▸ **EXTRACTED MATERIAL**:
════════

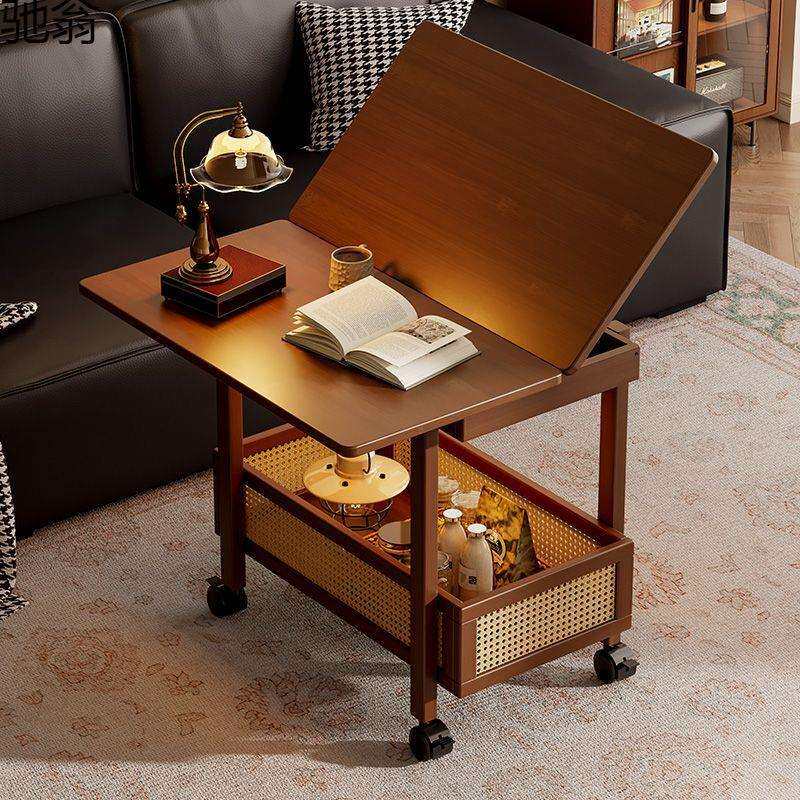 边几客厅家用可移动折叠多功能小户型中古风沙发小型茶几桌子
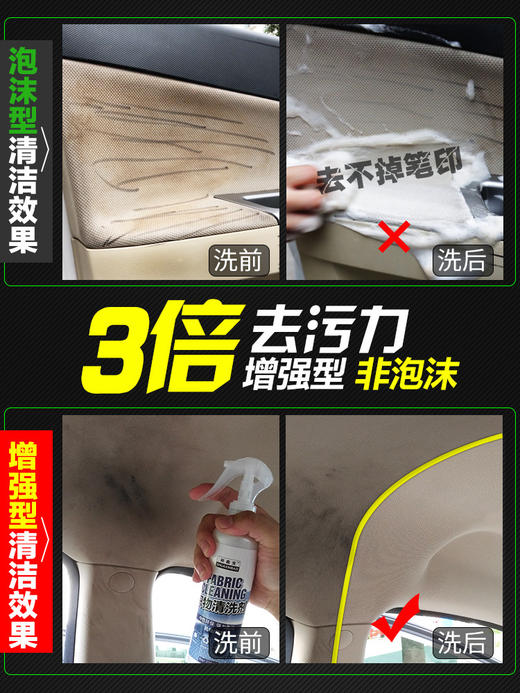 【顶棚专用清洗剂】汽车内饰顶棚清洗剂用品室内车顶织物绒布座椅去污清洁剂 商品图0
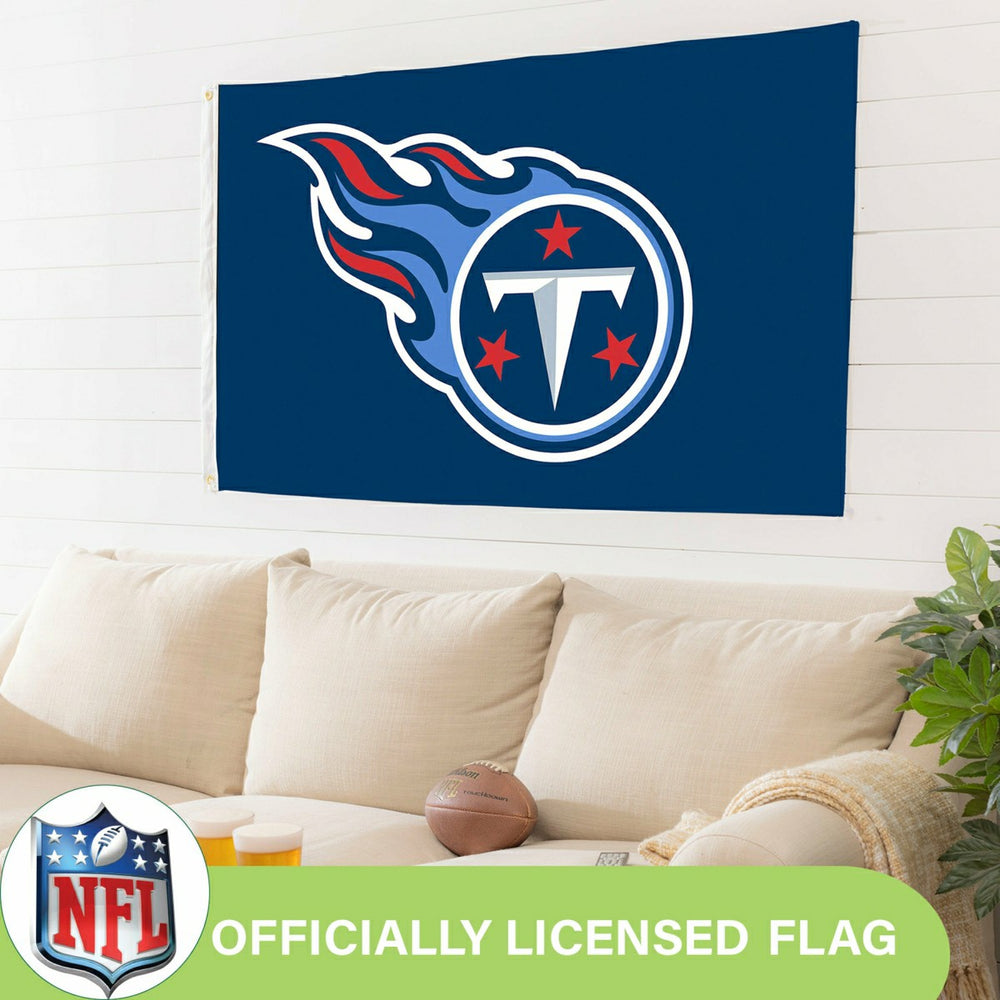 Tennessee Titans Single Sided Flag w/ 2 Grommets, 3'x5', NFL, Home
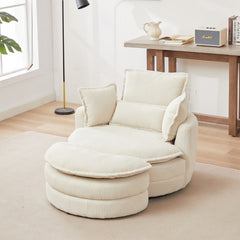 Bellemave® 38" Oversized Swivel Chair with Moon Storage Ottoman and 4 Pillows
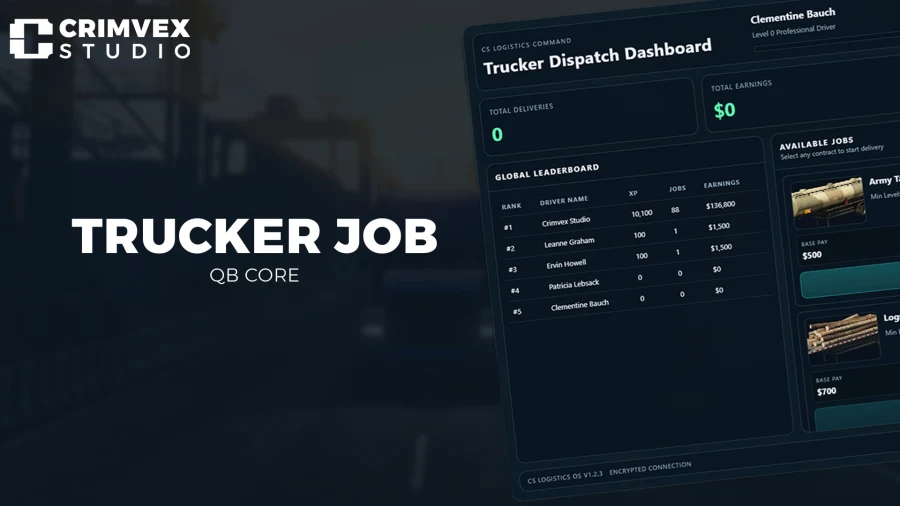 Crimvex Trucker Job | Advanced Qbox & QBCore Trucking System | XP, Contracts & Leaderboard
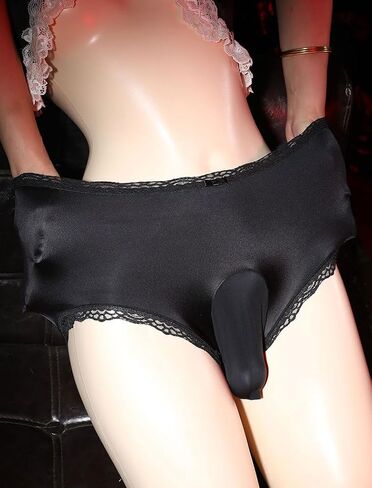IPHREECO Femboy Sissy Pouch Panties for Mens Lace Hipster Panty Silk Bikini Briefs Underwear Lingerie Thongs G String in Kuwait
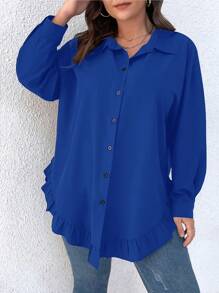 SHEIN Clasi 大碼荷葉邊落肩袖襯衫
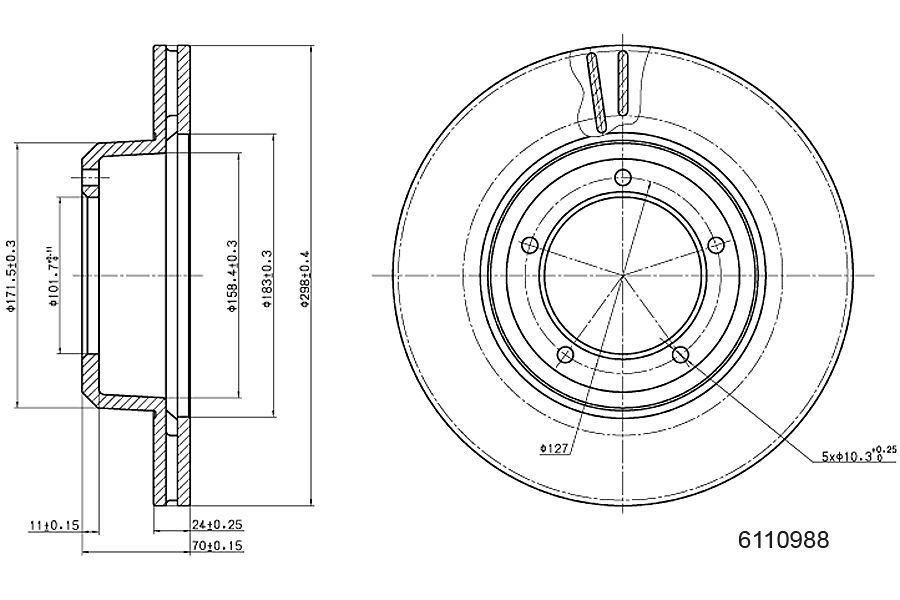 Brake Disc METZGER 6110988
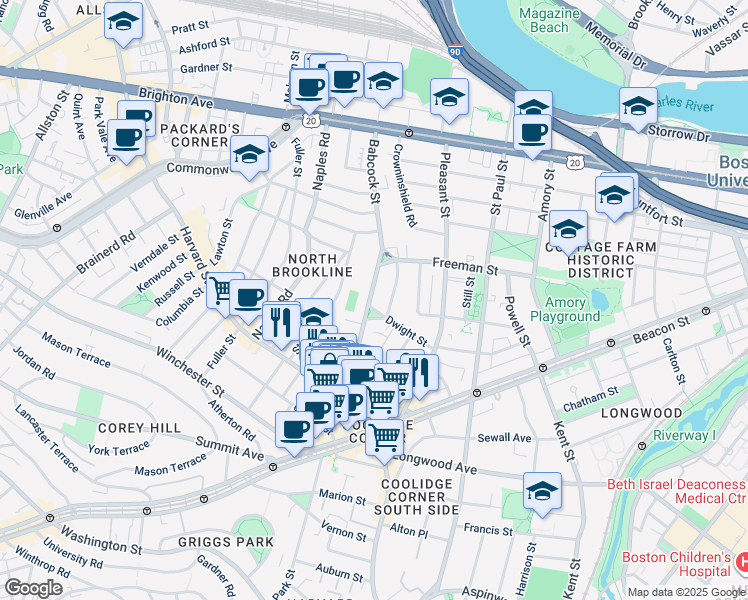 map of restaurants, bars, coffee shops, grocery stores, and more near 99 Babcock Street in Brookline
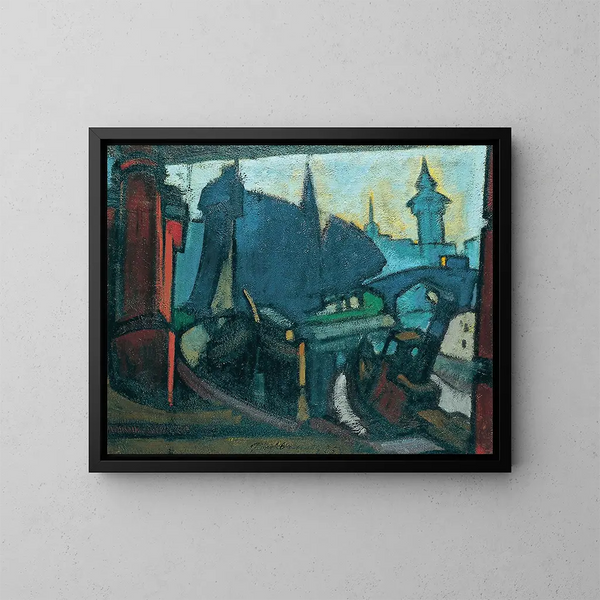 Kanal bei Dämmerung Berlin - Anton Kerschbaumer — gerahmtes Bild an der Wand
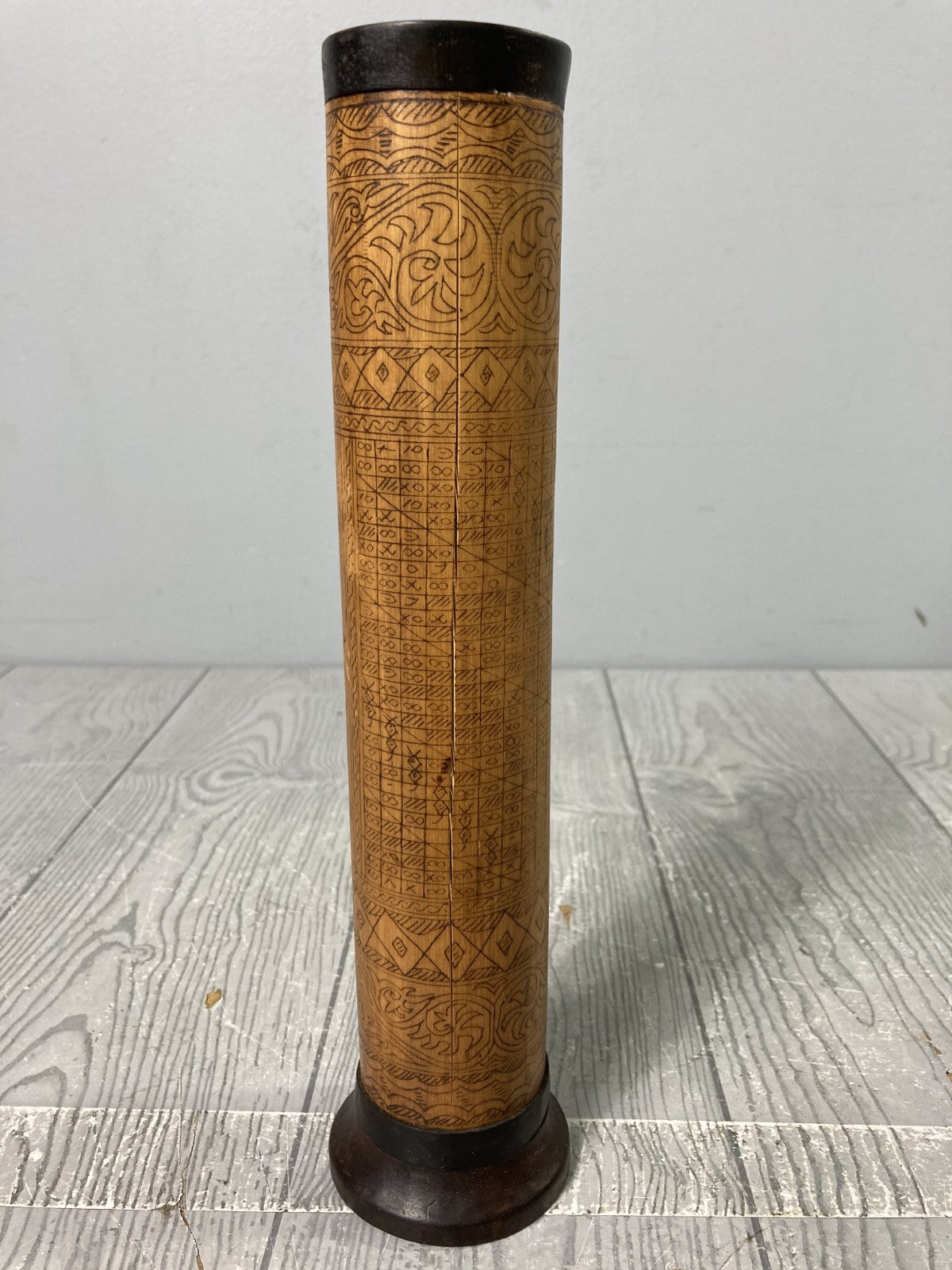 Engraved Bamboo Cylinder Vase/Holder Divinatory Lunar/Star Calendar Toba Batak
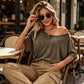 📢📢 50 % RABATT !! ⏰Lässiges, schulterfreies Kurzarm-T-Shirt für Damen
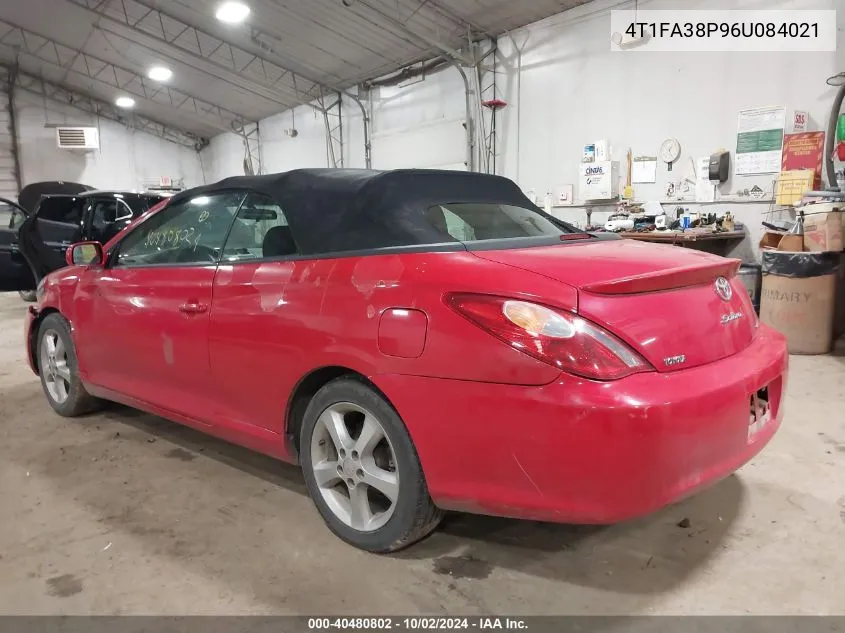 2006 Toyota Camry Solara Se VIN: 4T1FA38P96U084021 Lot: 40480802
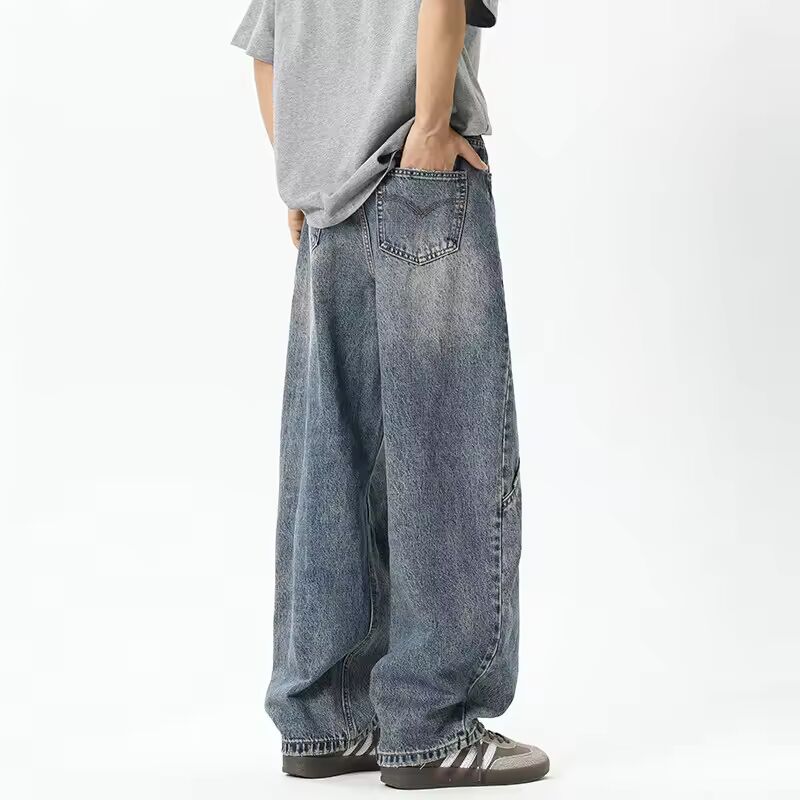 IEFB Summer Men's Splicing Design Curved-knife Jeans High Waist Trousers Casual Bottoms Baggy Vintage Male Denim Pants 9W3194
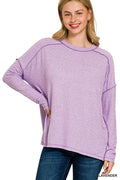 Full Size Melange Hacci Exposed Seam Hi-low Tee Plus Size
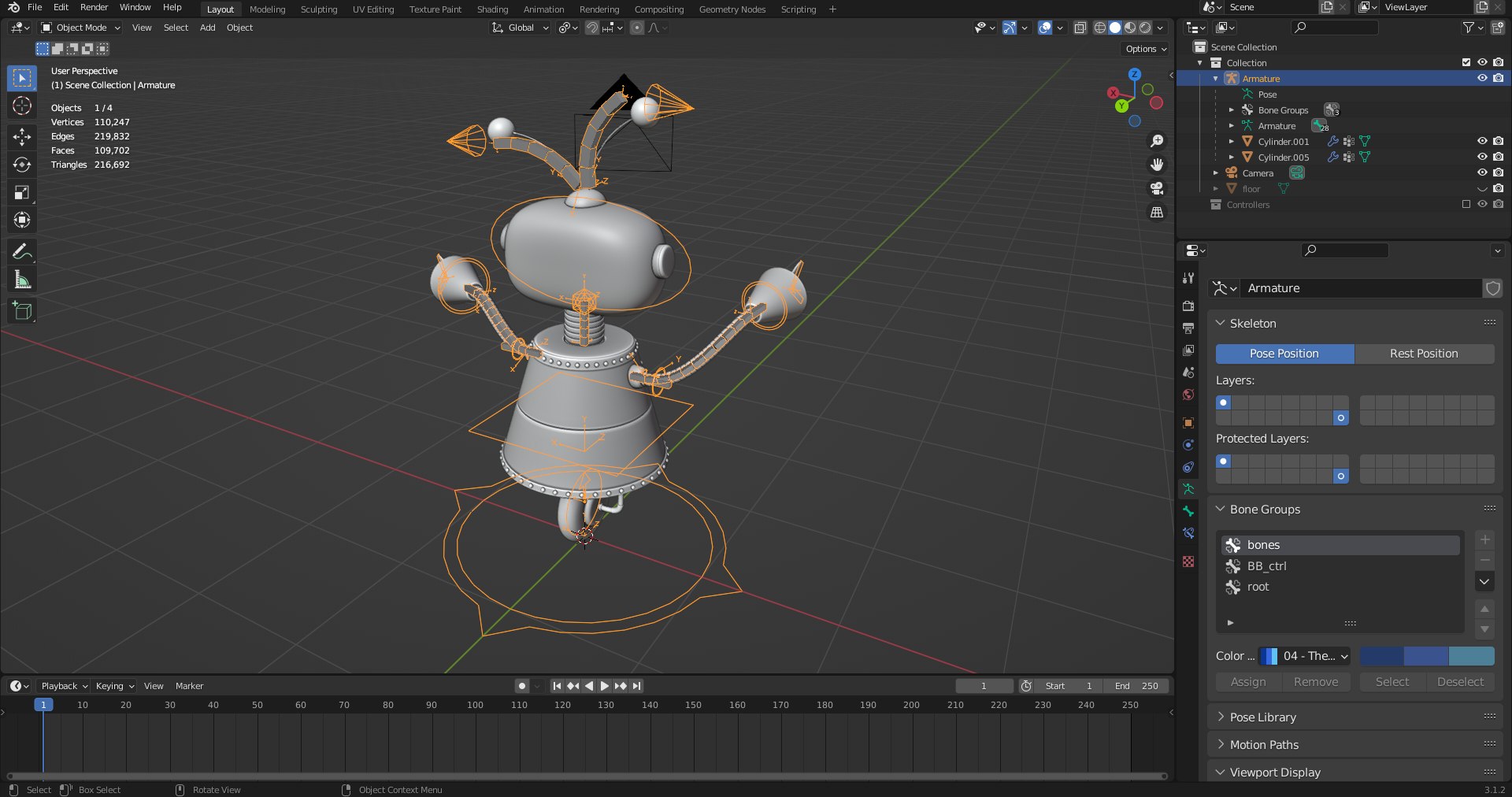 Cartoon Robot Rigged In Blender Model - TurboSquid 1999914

════════

▸ **TASK OBJECTIVE**: Copy out exactly the lines that begin at the line with "2006 Toyota Camry" and end at the final line of the entries above. Leave out the pictures.

▸ **SOLUTION TO THIS EXERCISE**:
 2006 Toyota Camry Solara Se VIN: 4T1FA38P96U084021 Lot: 40480802
 IEFB Summer Men's Splicing Design Curved-knife Jeans High Waist Trousers Casual Bottoms Baggy Vintage Male Denim Pants 9W3194
 Full Size Melange Hacci Exposed Seam Hi-low Tee Plus Size
 Cartoon Robot Rigged In Blender Model - TurboSquid 1999914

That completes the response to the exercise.